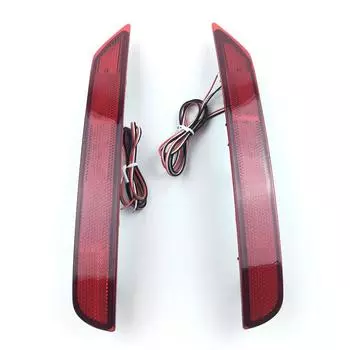 2 шт. Красный светодиодный задний бампер, стоп-сигнал, противотуманный фонарь для Subaru Forester 2008-2016 2009 2010 2011 2012 2013 2014 2015 2017 2018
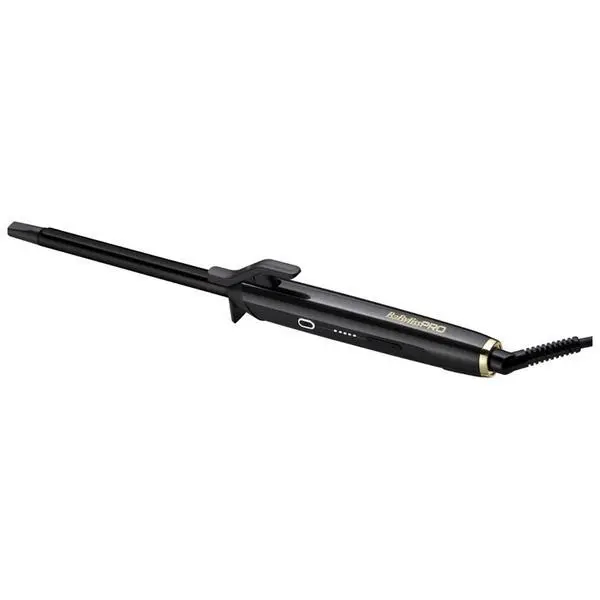 Babylisspro Професионална маша за коса - BaBylissPRO Curling Tong BAB2490E, бързо нагряване, диаметър 13 мм, черна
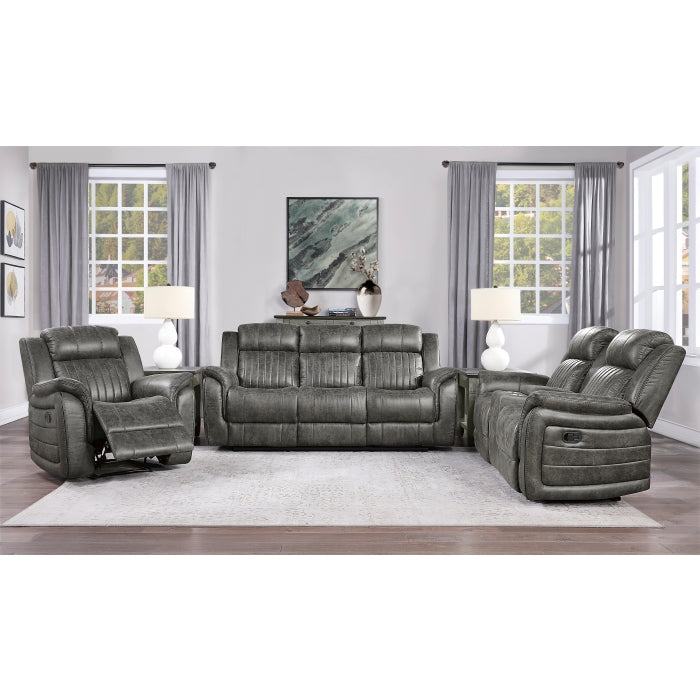 Centeroak Brown Double Reclining Loveseat - Ornate Home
# # # #
Exercise.
Could you write out every line above exactly as it stands, with no images?

Task solution.
 2 шт. Красный светодиодный задний бампер, стоп-сигнал, противотуманный фонарь для Subaru Forester 2008-2016 2009 2010 2011 2012 2013 2014 2015 2017 2018
 Babylisspro Професионална маша за коса - BaBylissPRO Curling Tong BAB2490E, бързо нагряване, диаметър 13 мм, черна
 Centeroak Brown Double Reclining Loveseat - Ornate Home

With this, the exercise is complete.